# Gaston Co NC - 8484 F PTS 12/15



## pamela berger (Jun 19, 2008)

http://www.co.gaston.nc.us follow links to AS, select Others and Dogs, she is #8484 cage F12, tan/blk, release date is 12/15 (this is the PTS date, done that morning before shelter opens so plans have to be in place before shelter closes on 12/14). SHe could be in Others because of illness, injury, timidness, etc. She is not on adoption floor.








[/img]


----------



## eadavis (Nov 11, 2007)

Having dealt with this shelter I can tell you they mean what they say about being there the day before. I almost didn't get Savannah and Bette because of it. You can sometimes beg for a day but that's about it. If you want to help this poor girl I suggest you do it very very quickly. We are not too far away if someone wants to help sponsor.


----------



## pamela berger (Jun 19, 2008)

bump


----------



## Sue F (Oct 3, 2007)

This dog got a reprieve until tomorrow.....anyone?

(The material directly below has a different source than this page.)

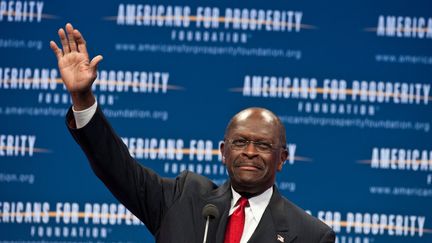 Herman Cain le 4 novembre 2011 lors du sommet d'une fondation conservatrice &agrave; Washington. (Nicholas KAMM /&nbsp;AFP&nbsp;)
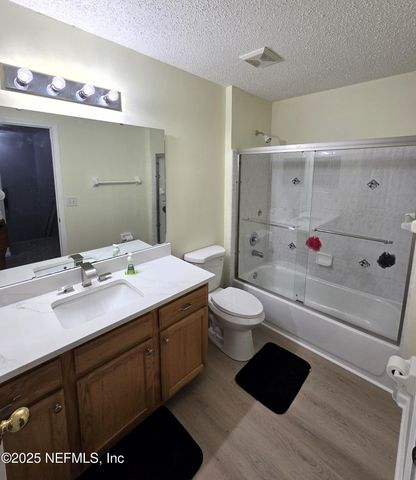 1132 FROMAGE Circle E, Jacksonville, FL 32225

There are two other shepherds at Gaston...

I might be able to help pull/transport to a vet this week....let me know.


----------



## rjvamp (Aug 23, 2008)

bump


----------



## eadavis (Nov 11, 2007)

Can someone call about her tomorrow? With sponsorship she can come here to the kennel. Anyone know why she is not on the general floor?


----------



## eadavis (Nov 11, 2007)

I have called about this girl-there is also a male there. This girl is noted to not be good with small kids or small dogs. I think her time is up today at 4 PM but the lady wasn't sure-Lisa is not there today.


----------



## Sue F (Oct 3, 2007)

She was supposed to be PTS yesterday, she got a one day reprieve. 4pm is it.


----------